**Source data:**
BEGIN

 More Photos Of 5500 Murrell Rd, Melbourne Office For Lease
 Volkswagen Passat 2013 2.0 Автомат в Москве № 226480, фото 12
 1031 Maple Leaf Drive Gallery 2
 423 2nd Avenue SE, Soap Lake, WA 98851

END
BEGIN

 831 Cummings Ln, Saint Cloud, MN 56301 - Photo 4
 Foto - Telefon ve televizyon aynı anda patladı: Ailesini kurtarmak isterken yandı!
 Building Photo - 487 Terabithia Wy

END

Reproduce, word for word and in full, only the lines above that start at the line with "More Photos Of" and run through the line with "423 2nd Avenue SE, Soap Lake, WA 98851", both ends included.

 More Photos Of 5500 Murrell Rd, Melbourne Office For Lease
 Volkswagen Passat 2013 2.0 Автомат в Москве № 226480, фото 12
 1031 Maple Leaf Drive Gallery 2
 423 2nd Avenue SE, Soap Lake, WA 98851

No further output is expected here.